WHAT YOU SHOULD DO:
Exact repetition of a range: find the line containing "Asya Tarihinde Su" and the line containing "Manitowoc Shipbuilders - Wisconsin" in the material below, then repeat both and all lines between them, leaving pictures out.

RECORDS SHOWN:
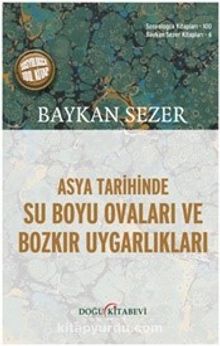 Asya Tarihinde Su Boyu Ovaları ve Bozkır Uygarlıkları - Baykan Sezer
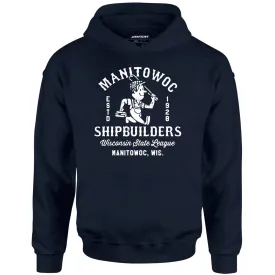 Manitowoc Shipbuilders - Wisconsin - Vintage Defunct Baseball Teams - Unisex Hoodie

* * *

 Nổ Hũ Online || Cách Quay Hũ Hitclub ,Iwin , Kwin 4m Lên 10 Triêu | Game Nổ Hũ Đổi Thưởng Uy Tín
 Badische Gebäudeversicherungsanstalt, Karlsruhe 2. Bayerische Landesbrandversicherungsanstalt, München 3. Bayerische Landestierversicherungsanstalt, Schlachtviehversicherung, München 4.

TASK RESPONSE:
 Asya Tarihinde Su Boyu Ovaları ve Bozkır Uygarlıkları - Baykan Sezer
 Manitowoc Shipbuilders - Wisconsin - Vintage Defunct Baseball Teams - Unisex Hoodie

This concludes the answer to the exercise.